Can you do UML? Yeah, sure…

Thanks to the increasing popularity of industry membership, certification schemes and the development of recognised competency frameworks by organisations like the IIBA, the BA industry has certainly become more mature in recent years. However, we’re a long way behind traditional professions and I still get the feeling that sections of the BA community let us down as practitioners by overstating their capabilities.

By way of example, to become a specialist in the medical industry, you generally need to complete five or more years of tertiary study and a one year internship prior to registration by the Medical Board. Junior Doctors then spend a year or two in internship followed by up to eight years of study in their chosen specialisation. You’ll never meet a General Practitioner who says they can “do anaesthesia”, nor will you ever meet a Family Lawyer who says they can “do tax law”.

A common thread in the BA profession is analysts who claim to be able to “do UML” when they’ve only ever done a course; or, written some Use Cases.

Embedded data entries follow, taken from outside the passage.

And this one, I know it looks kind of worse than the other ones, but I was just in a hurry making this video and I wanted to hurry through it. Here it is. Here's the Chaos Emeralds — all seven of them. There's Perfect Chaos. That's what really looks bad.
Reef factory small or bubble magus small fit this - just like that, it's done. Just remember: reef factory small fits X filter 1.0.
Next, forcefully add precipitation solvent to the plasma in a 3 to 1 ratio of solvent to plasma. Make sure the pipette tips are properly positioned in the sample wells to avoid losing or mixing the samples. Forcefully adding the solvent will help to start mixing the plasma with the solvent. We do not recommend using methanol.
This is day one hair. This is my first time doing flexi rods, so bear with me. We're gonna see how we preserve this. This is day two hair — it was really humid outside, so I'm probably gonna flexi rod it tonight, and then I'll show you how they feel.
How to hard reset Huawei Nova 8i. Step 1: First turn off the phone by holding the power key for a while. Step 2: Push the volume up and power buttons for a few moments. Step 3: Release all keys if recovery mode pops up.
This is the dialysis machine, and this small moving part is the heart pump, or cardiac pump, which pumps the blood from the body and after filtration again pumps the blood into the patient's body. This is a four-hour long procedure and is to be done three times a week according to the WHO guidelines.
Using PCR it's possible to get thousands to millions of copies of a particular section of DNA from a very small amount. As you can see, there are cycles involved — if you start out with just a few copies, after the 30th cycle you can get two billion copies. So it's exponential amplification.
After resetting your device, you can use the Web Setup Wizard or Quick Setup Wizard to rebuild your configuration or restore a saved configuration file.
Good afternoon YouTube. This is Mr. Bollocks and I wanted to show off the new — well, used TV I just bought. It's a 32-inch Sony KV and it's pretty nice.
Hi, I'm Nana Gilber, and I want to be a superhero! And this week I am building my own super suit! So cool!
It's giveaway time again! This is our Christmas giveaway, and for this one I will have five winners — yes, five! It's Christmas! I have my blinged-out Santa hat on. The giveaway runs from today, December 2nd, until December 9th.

In my opinion if you can’t put together a complete and meaningful model containing Use Case Diagrams, Class Diagrams, State Charts and potentially Activity Diagrams, and communicate that model to both business and technical stakeholders, then you can’t “do UML”.


Use Cases are not UML

First things first, Use Cases are not UML.  The Unified Modelling Language is a set of modelling techniques used to represent a system.  Use Cases are only part of the model, forming what is known as the “semantic backplane”. Use Cases in their own right are not a true UML model, but they can form a UML model when combined with other techniques.

A UML Model is broken into three core components:

  • The Functional Model, represented by Use Case Diagrams and supplemented by Use Cases, which describes the functionality of the system from the User’s point of view.
  • The Object Model, represented by Class Diagrams, which is a logical representation of the data entities and relationships with which the system interacts.
  • The Dynamic Model, represented by Activity, State Machines and Sequence Diagrams, which describes the internal behaviour of the system.

All three components provide key insights to requirements elicitation and analysis and should converge as the requirements model matures to completion.


What do you need to know to say that you “do UML”?

As a BA, you should be solely accountable for the Functional Model, which begins with the creation of Use Case Diagrams and ends with the creation of fully elaborated Use Cases. It is bad practice to start writing Use Cases until you have defined the Use Case Model, especially in large teams or projects with a number of requirements packages / functional areas.

As a BA, you should be responsible for the Logical Representation of the Object Model and should work with technical architects and/or data architects to ensure that the physical Object Model and Data Model holds true to the Logical Model. Hence, you’ll need to be able to model Class Diagrams and also comprehend component models and database development artefacts.

Keep in mind that the Logical Object Model should describe the end state view of how data entities interrelate so that to reduce the likelihood of major architectural change – it doesn’t necessarily need to align perfectly with the Functional Model.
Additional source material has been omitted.